Given data:
+--

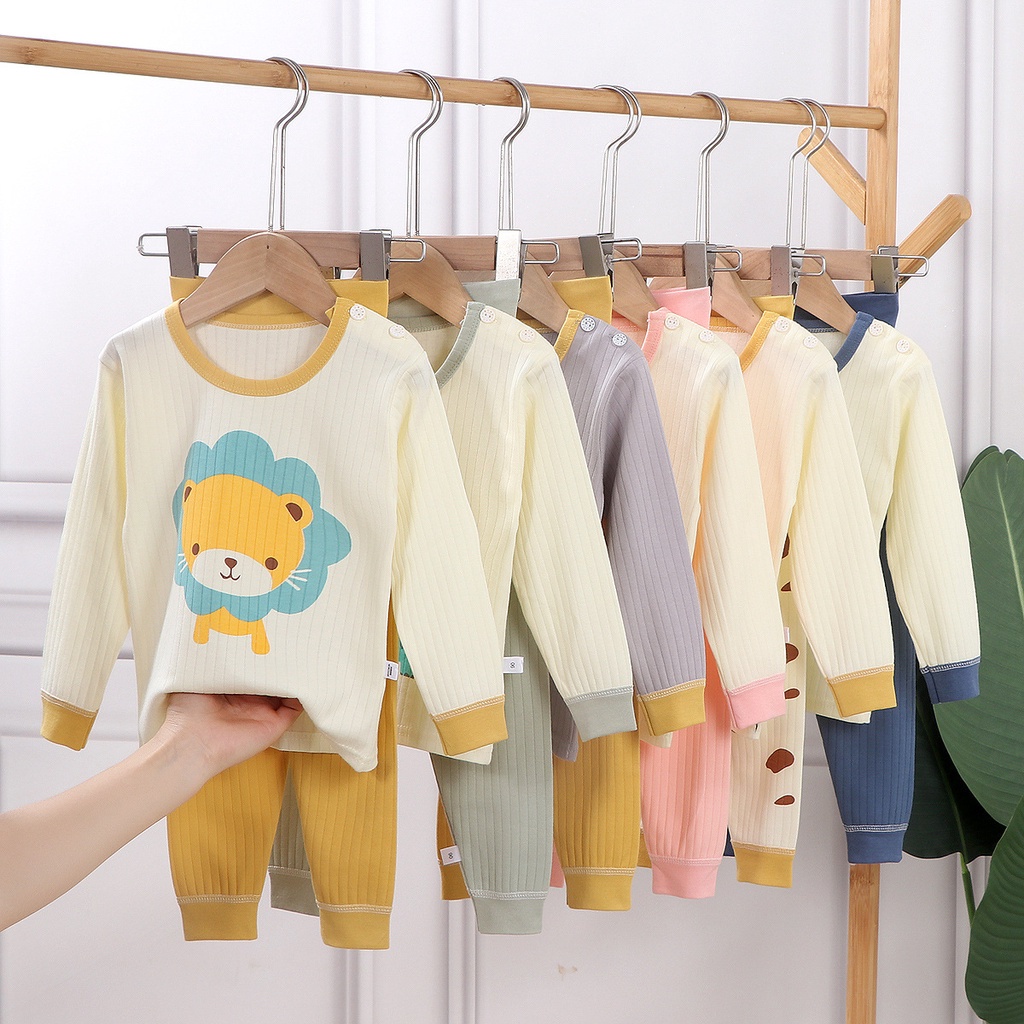 Bộ đồ ngủ tay dài vải cotton lụa phong cách Hàn Quốc thời trang thu đông cho bé 65-125cm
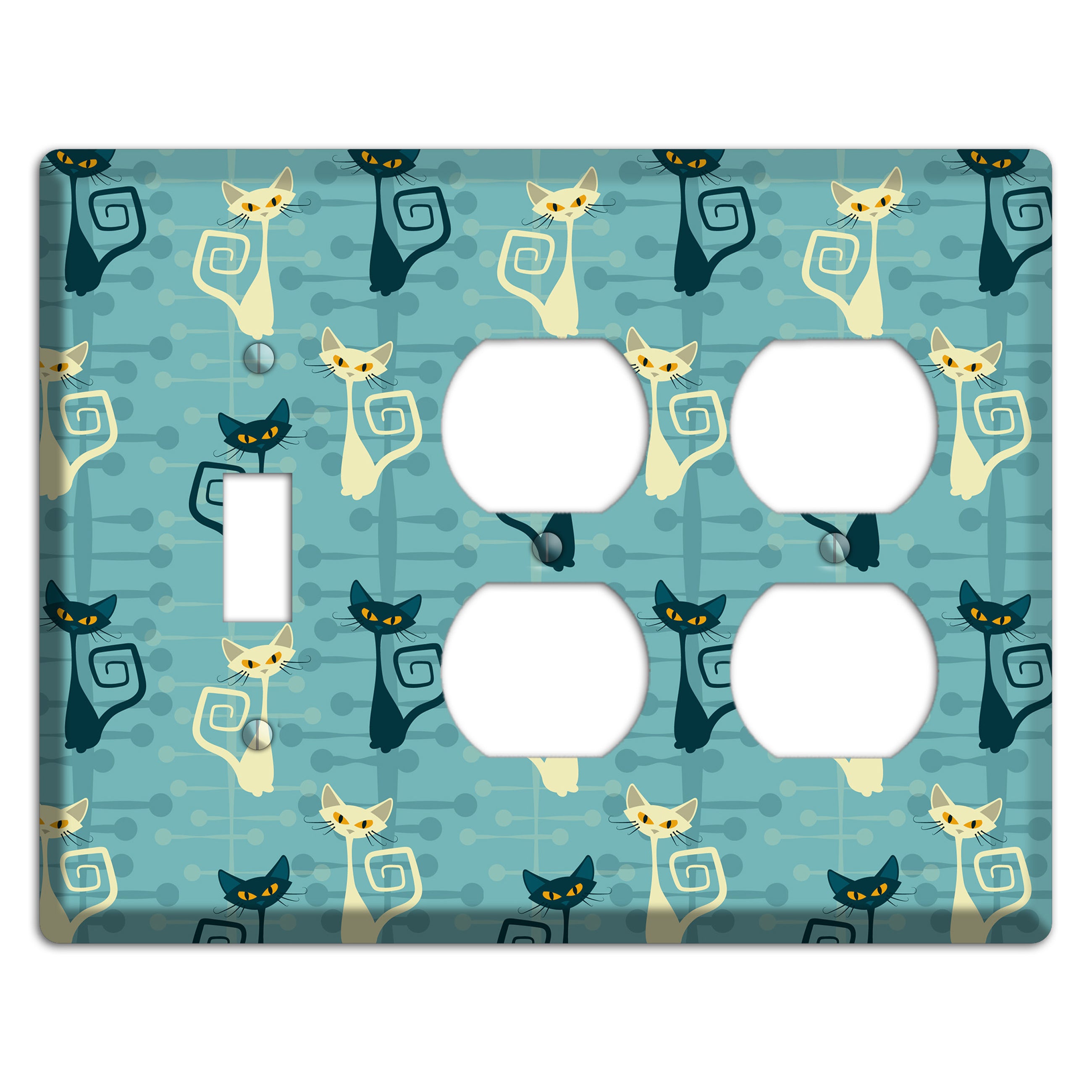 Black and Yellow Kitties Toggle / 2 Duplex Wallplate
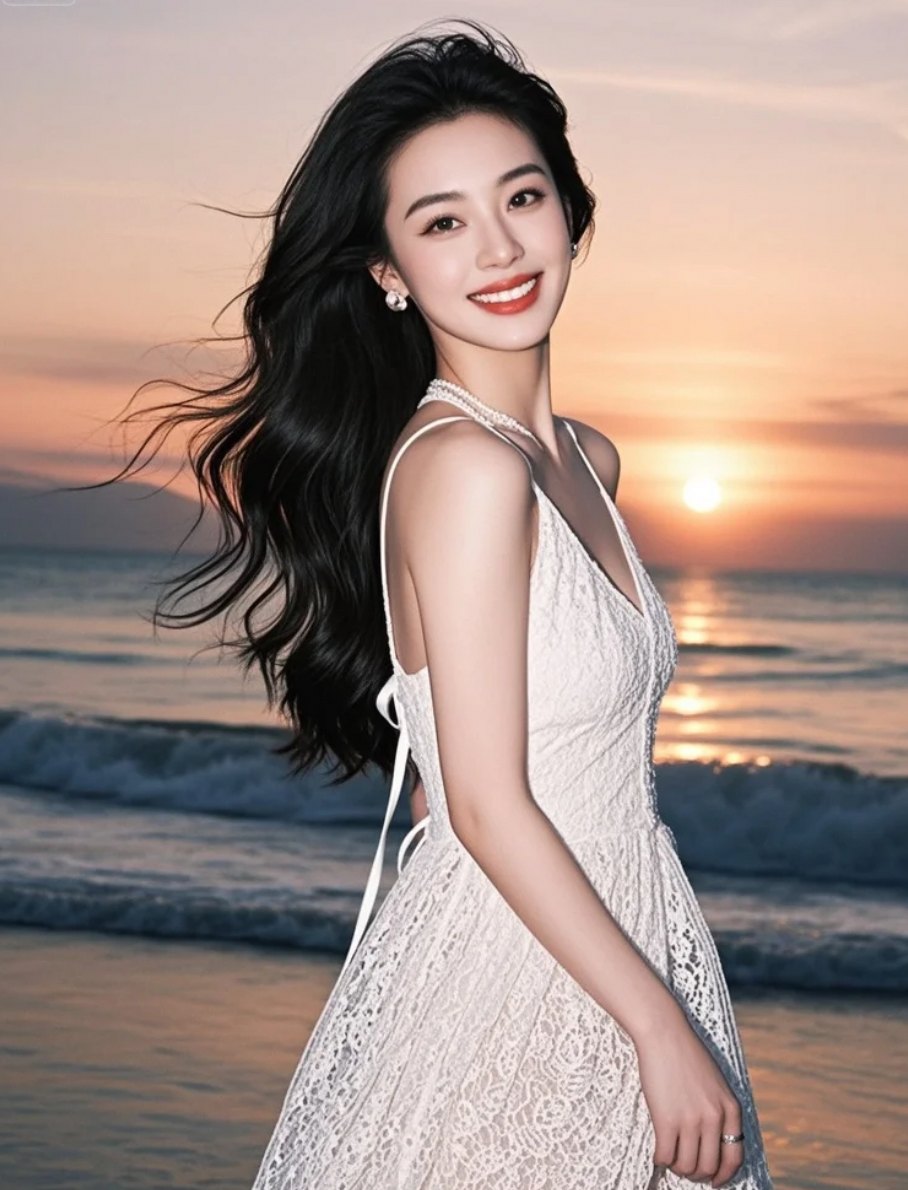 长裙曳地，丈量着心与海的距离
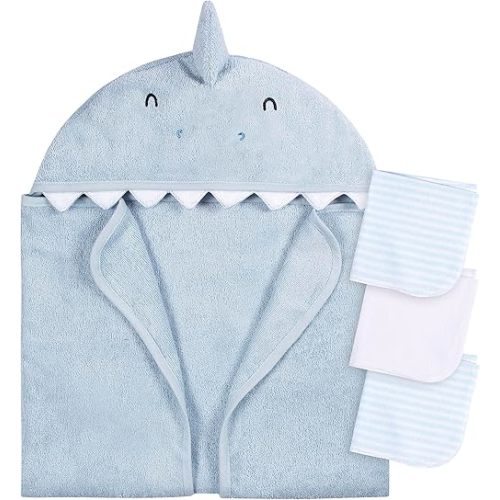 Gerber Baby 4 Piece Animal Character Hooded Towel and Washcloth Set, Blue Shark, One Size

+--

Task goal:
From the material above, output every line exactly as written, dropping any picture.

Solution for this exercise:
 Bộ đồ ngủ tay dài vải cotton lụa phong cách Hàn Quốc thời trang thu đông cho bé 65-125cm
 Black and Yellow Kitties Toggle / 2 Duplex Wallplate
 长裙曳地，丈量着心与海的距离
 Gerber Baby 4 Piece Animal Character Hooded Towel and Washcloth Set, Blue Shark, One Size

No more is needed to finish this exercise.